↓

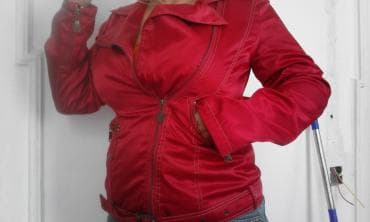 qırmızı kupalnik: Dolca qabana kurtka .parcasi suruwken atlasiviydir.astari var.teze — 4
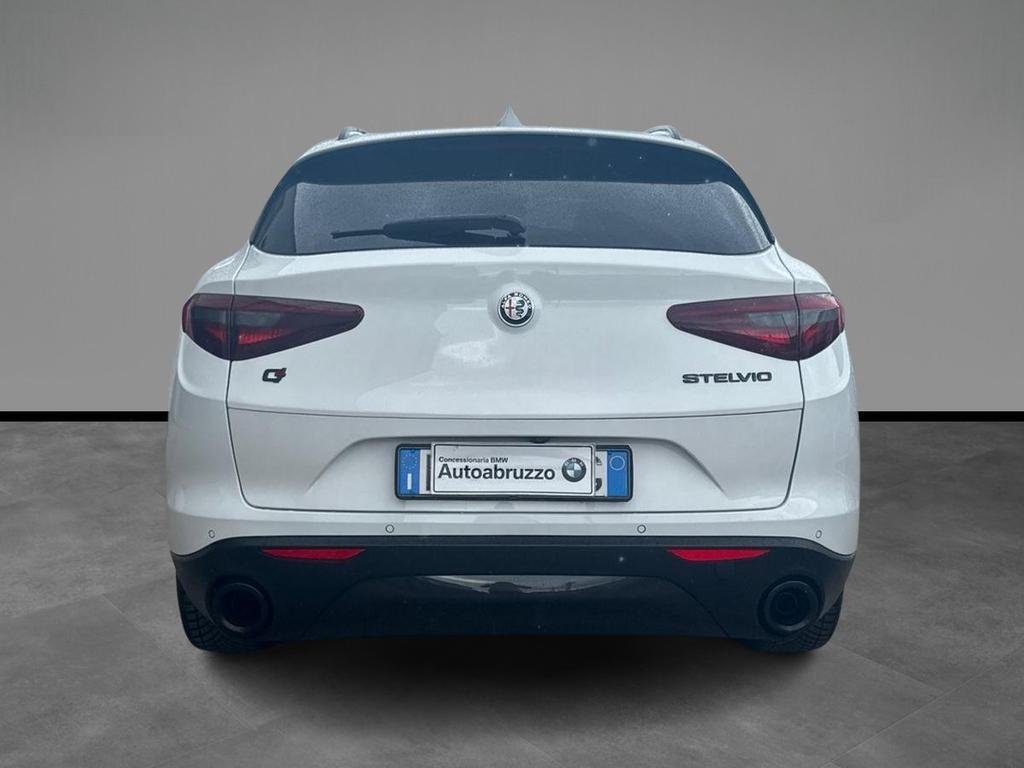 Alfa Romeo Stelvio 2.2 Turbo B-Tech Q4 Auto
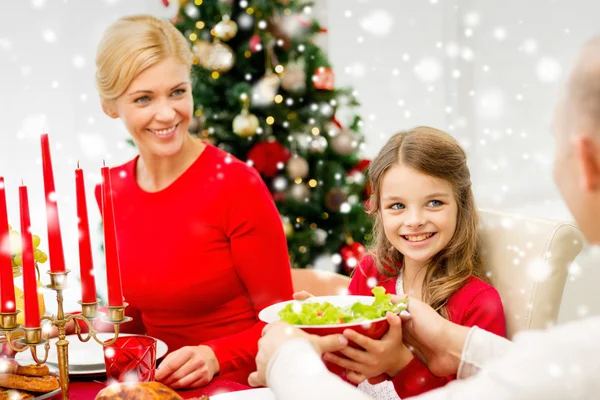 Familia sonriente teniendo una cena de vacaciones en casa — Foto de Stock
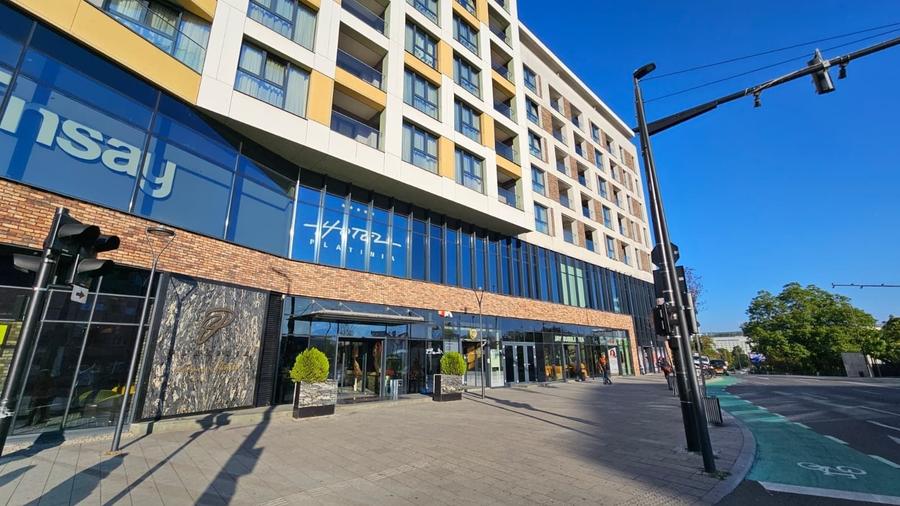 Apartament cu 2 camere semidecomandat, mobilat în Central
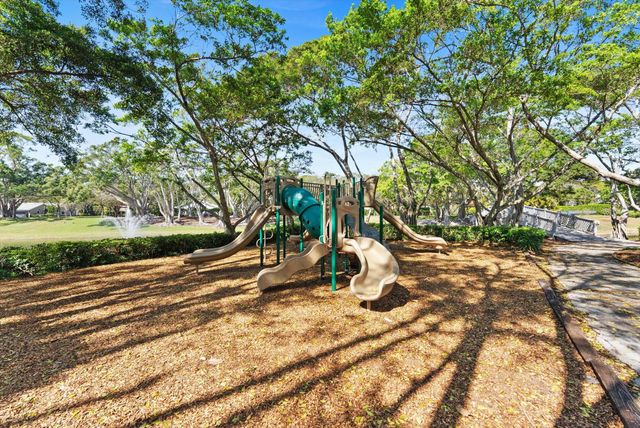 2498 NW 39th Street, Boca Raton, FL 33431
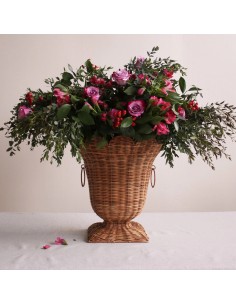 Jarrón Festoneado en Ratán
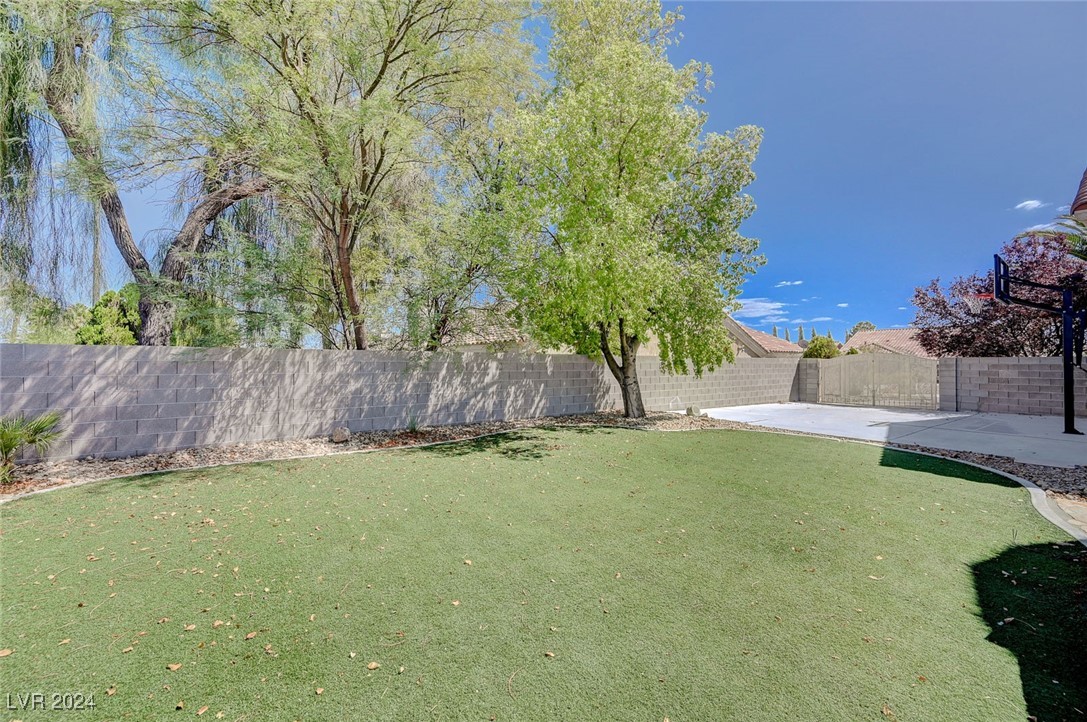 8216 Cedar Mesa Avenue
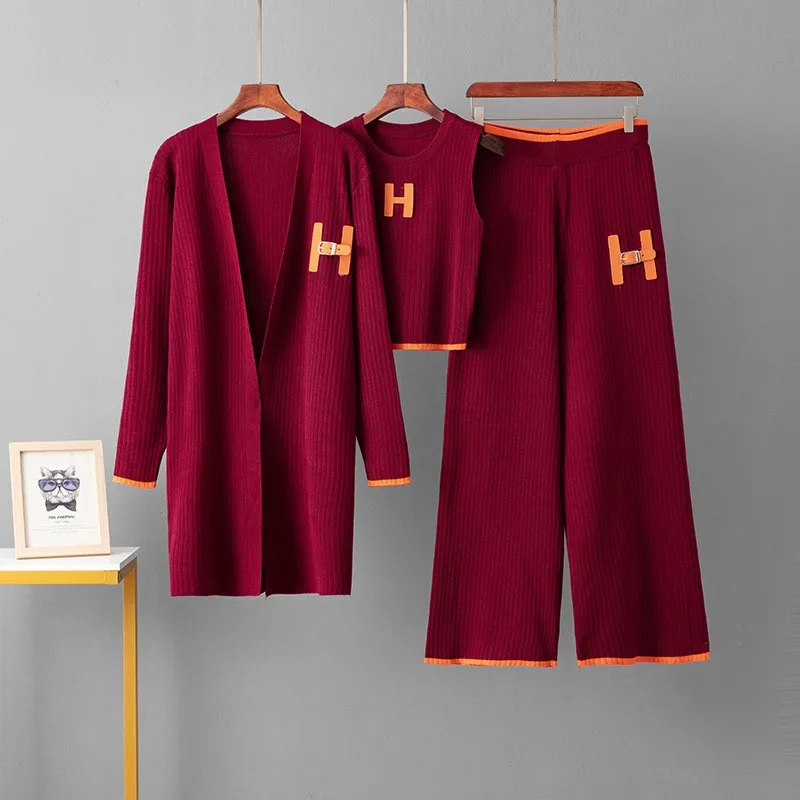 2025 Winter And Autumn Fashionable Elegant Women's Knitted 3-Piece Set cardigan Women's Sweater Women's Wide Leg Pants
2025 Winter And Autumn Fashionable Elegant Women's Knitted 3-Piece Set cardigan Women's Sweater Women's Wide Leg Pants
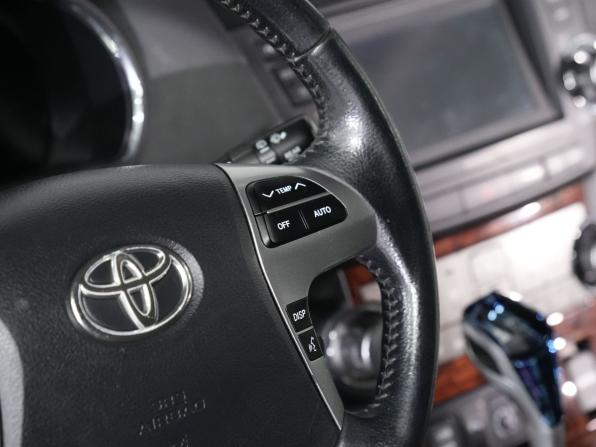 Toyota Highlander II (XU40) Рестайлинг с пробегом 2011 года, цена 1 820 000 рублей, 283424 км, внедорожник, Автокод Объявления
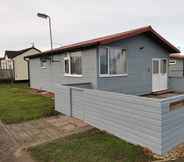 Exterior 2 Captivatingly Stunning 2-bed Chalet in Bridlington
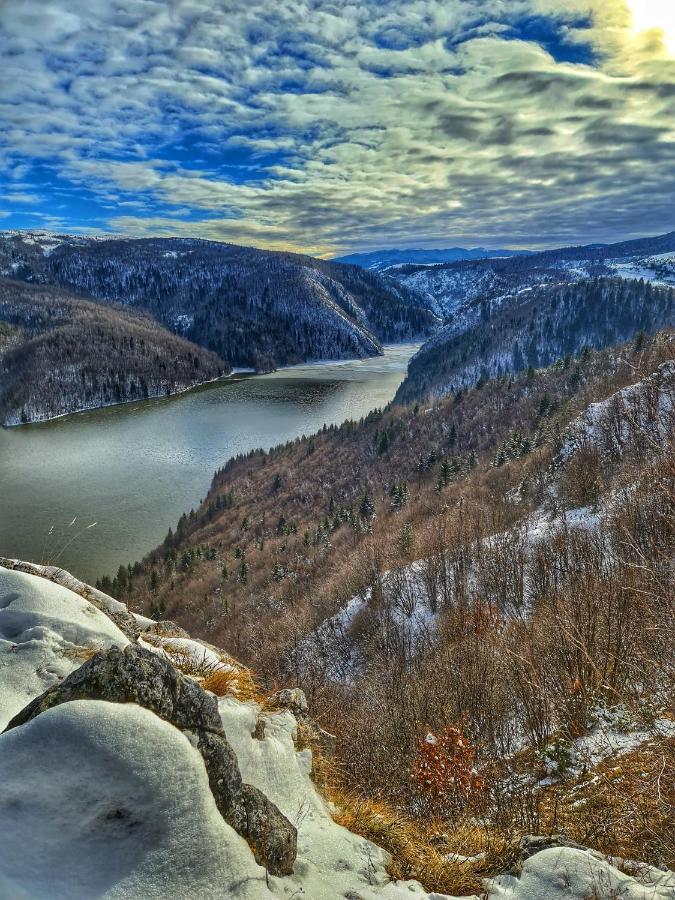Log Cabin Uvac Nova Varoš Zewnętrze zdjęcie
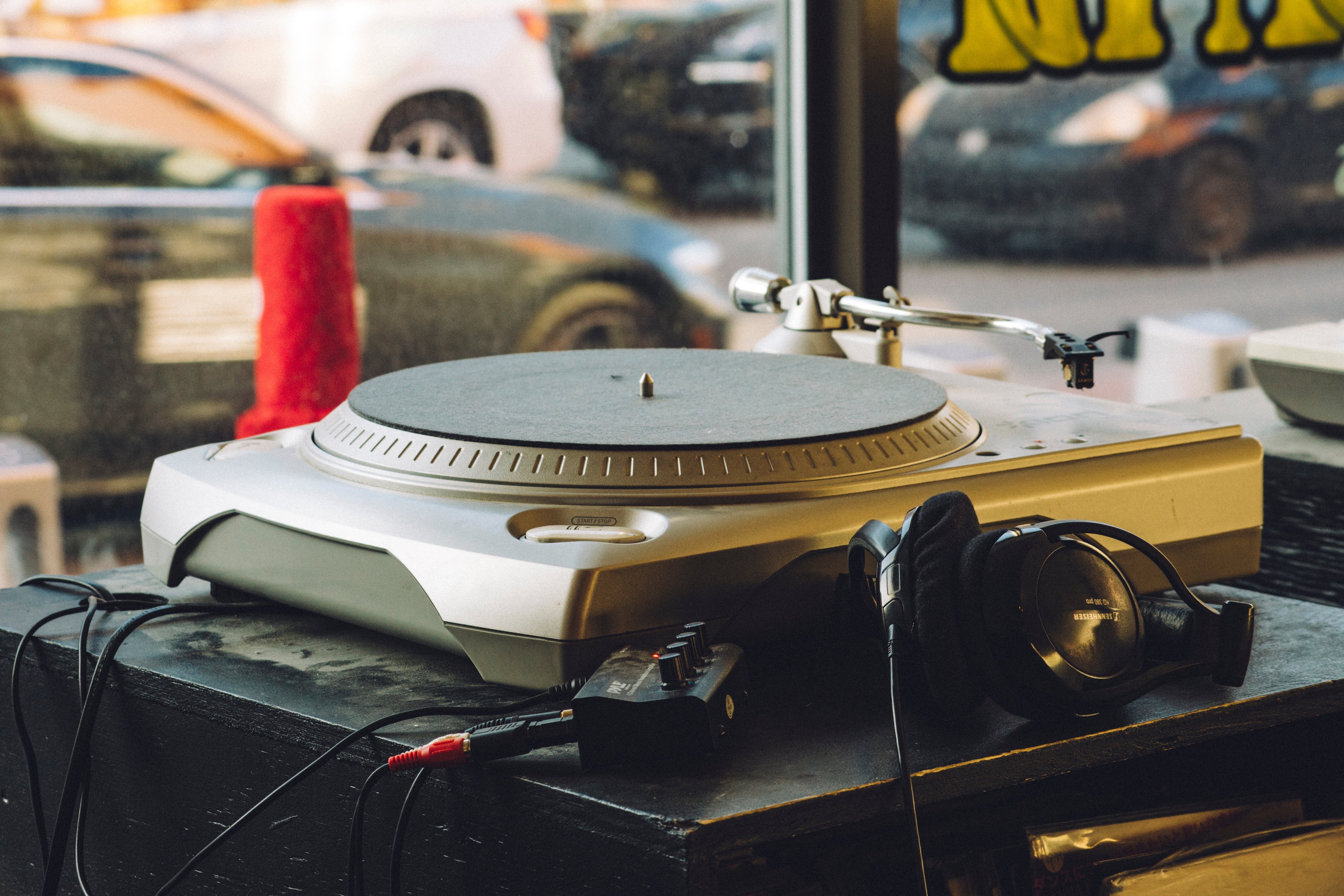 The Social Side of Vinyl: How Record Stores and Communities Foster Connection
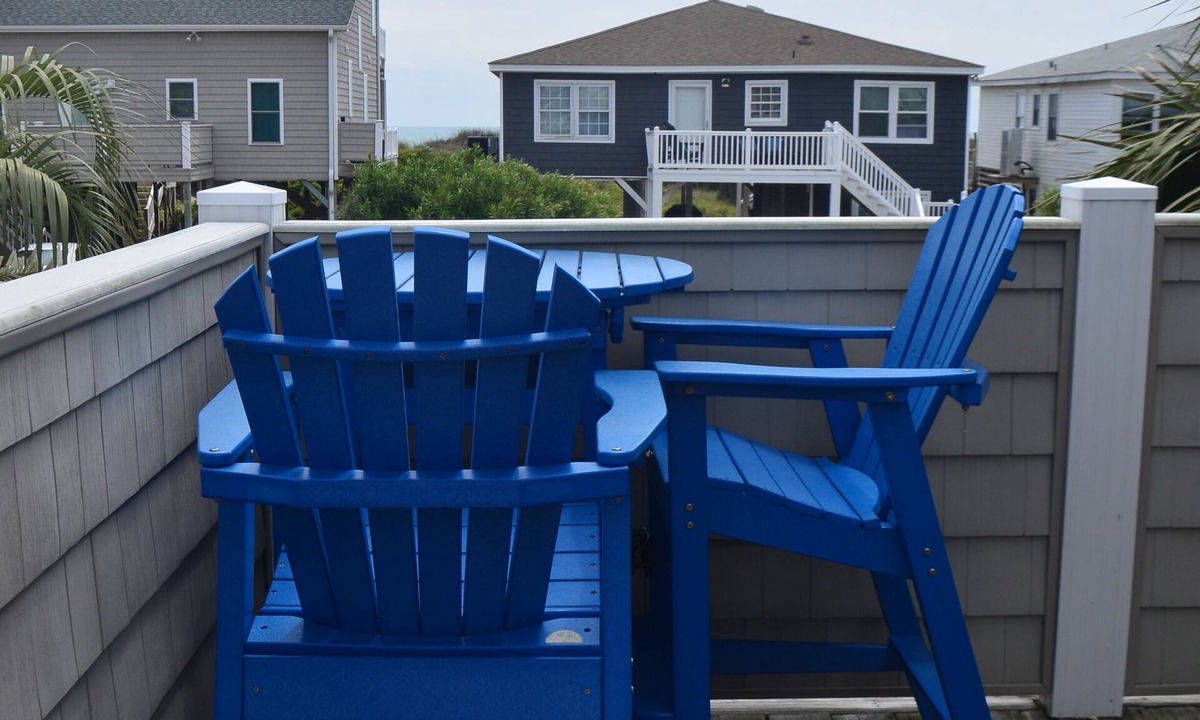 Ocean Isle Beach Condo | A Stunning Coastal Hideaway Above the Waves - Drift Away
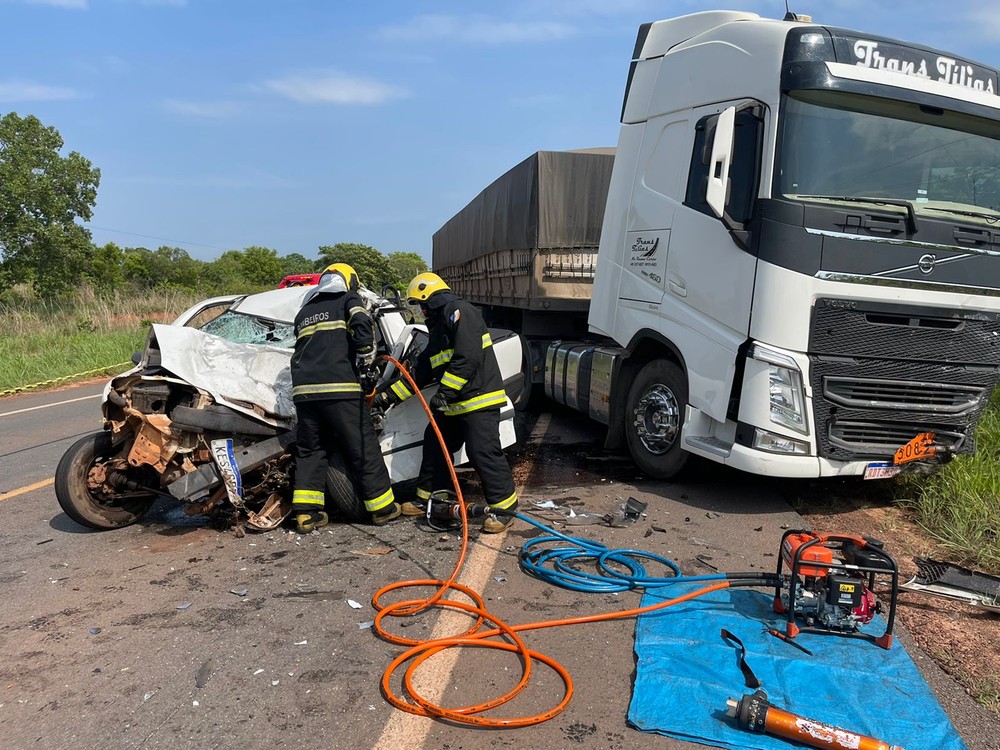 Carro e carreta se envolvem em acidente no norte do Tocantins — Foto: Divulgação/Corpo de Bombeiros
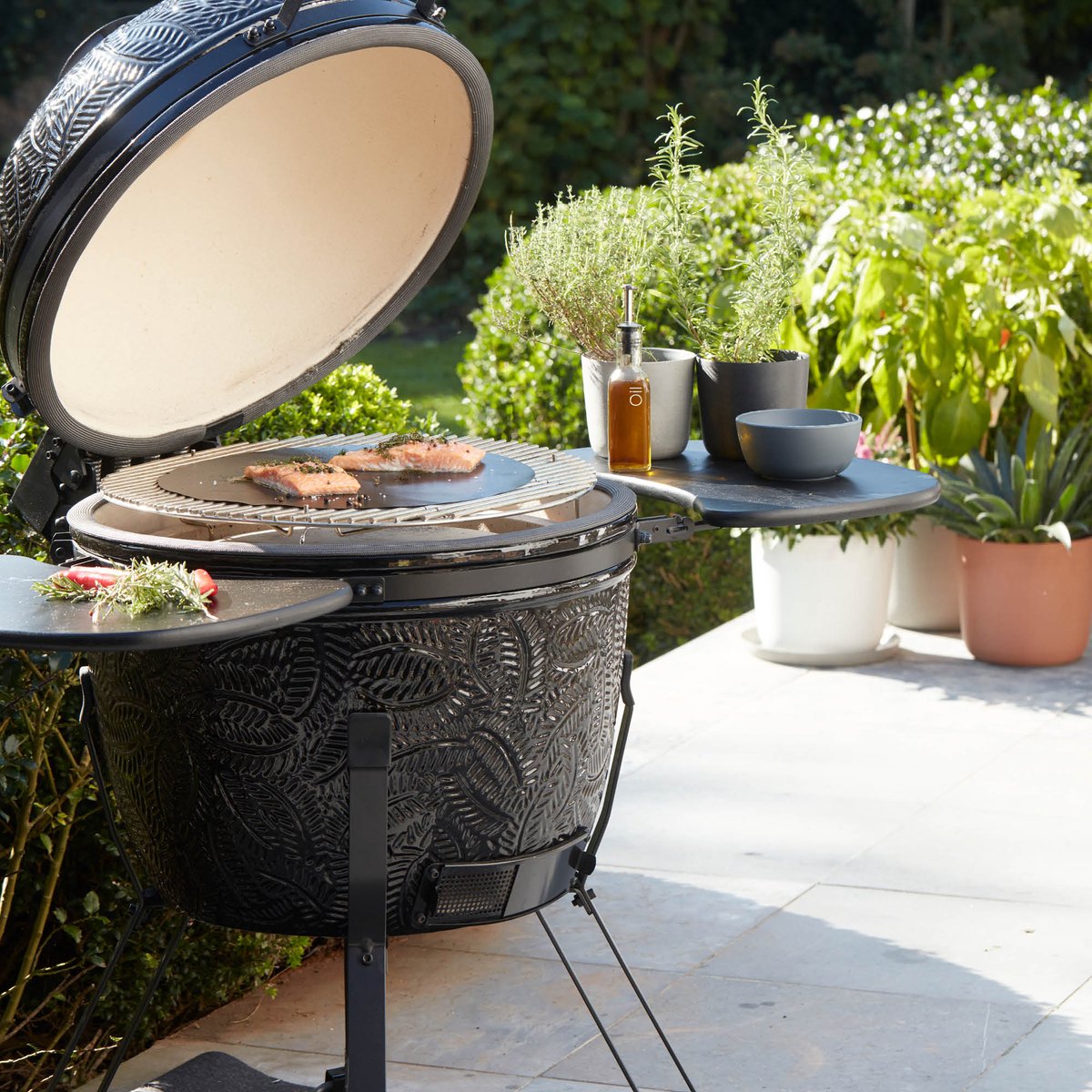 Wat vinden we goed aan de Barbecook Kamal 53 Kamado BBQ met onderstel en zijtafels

↑

**TASK PROMPT:** Output the data exactly. Leave every picture out.

**TASK RESULT:**
 qırmızı kupalnik: Dolca qabana kurtka .parcasi suruwken atlasiviydir.astari var.teze — 4
 Alfa Romeo Stelvio 2.2 Turbo B-Tech Q4 Auto
 Familia sonriente teniendo una cena de vacaciones en casa — Foto de Stock
 Apartament cu 2 camere semidecomandat, mobilat în Central
 2498 NW 39th Street, Boca Raton, FL 33431
 Jarrón Festoneado en Ratán
 8216 Cedar Mesa Avenue
 2025 Winter And Autumn Fashionable Elegant Women's Knitted 3-Piece Set cardigan Women's Sweater Women's Wide Leg Pants
2025 Winter And Autumn Fashionable Elegant Women's Knitted 3-Piece Set cardigan Women's Sweater Women's Wide Leg Pants
 Toyota Highlander II (XU40) Рестайлинг с пробегом 2011 года, цена 1 820 000 рублей, 283424 км, внедорожник, Автокод Объявления
 Exterior 2 Captivatingly Stunning 2-bed Chalet in Bridlington
Log Cabin Uvac Nova Varoš Zewnętrze zdjęcie
 The Social Side of Vinyl: How Record Stores and Communities Foster Connection
 Ocean Isle Beach Condo | A Stunning Coastal Hideaway Above the Waves - Drift Away
 Carro e carreta se envolvem em acidente no norte do Tocantins — Foto: Divulgação/Corpo de Bombeiros
 Wat vinden we goed aan de Barbecook Kamal 53 Kamado BBQ met onderstel en zijtafels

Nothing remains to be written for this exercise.